'Hunnisett' Wills etc.
Wills before 1858
Before 1858 English and Welsh wills were proved either in the local Ecclesiastical Court or in the Perogative Courts of Canterbury or York. Those that survive are generally found in County Record Offices or the National Archives. Older Wills lists those wills I know about and their location. Some of those at the National Archives are downloadable from their site DocumentsOnline. Where extracts from a will are shown elsewhere on this site the link is via the testators name.
If you know of other wills please let me know and I will add them to the list. Similarly, if you know of any wills proved in other countries I would be pleased to hear about them.
Wills at First Avenue House
The Principal Probate Registry has either originals or copies of all English and Welsh wills and administrations since 1858. These can be viewed, or copies obtained from First Avenue House, 42-49 High Holborn, in London.
I have extracted all the 'Hunnisett' entries from the index books from 1858 to 1950. These are shown in Post-1858 Wills indexed by first name and year. Because of space limitations I am only showing the name of the testator, where they were from, whether it was a will or an administration, the date of probate and the office. The actual index entry gives a lot more information (dates, addresses, trustees, value etc.). Please contact me if you need more information about any of these entries.
Between 1530 and 1750 it was sometimes necessary to file an inventory when probate or letters of administration had been granted. A list and valuation of the deceased's movable goods was prepared by two to four local men, usually friends or relatives, in order to avoid or resolve disputes. I have only found one inventory directly applying to a Hunnisett, that of Richard Hunniset, farmer of Herstmonceux, who died in 1732.
If a person died intestate, ie did not leave a will, an application could be made to administer the estate and divide it among the beneficiaries. Letters of Administration (or admons) were issued but these gave little information other than date and place of death and the names of the adminisrators.
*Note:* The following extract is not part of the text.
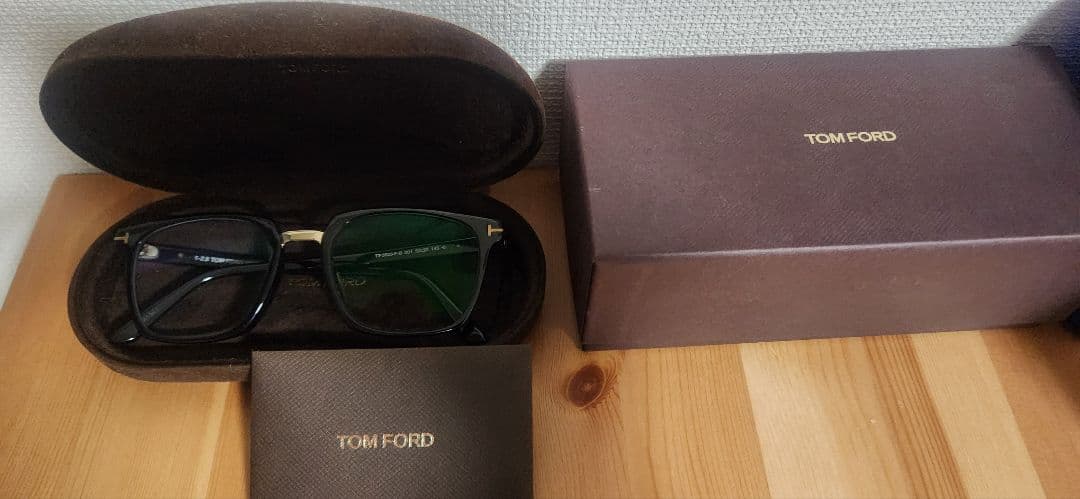TOM FORD 　TF5523-F-B 001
If a person had not made a written will but, knowing he was near to death, made an oral declaration of his wishes the court could still grant probate if it was satisfied that the alleged declaration had in fact been made. This was then known as a nuncupative will. The will of Clement Honisett made in 1672 was nuncupative and the will of Constance Honnisett also contains the nuncupative will of her husband William who had died only a month earlier
Transcripts of some 'Hunnisett' wills
This section contains transcripts of some of the 'Hunnisett' wills that I have copies of or have obtained transcripts of. Many of them have proved crucial in helping to link families together.
Some of the copies are very easy to read but some, especially the older ones, are very difficult to transcribe, particularly with names as the context doesn't help as it does with most words. Where I have failed to transcribe a word I have indicated it thus '........' or 'tra.....th' with the dots usually giving an approximation of the length of the missing word. If you have a copy of the will and can help with any of the missing words or spot any mistakes in my transcript please let me know.
After each transcript I have listed the relationships shown within the will. It should be remembered that these were current at the date the will was written, not necessarily when the testator died, which in some cases was years later.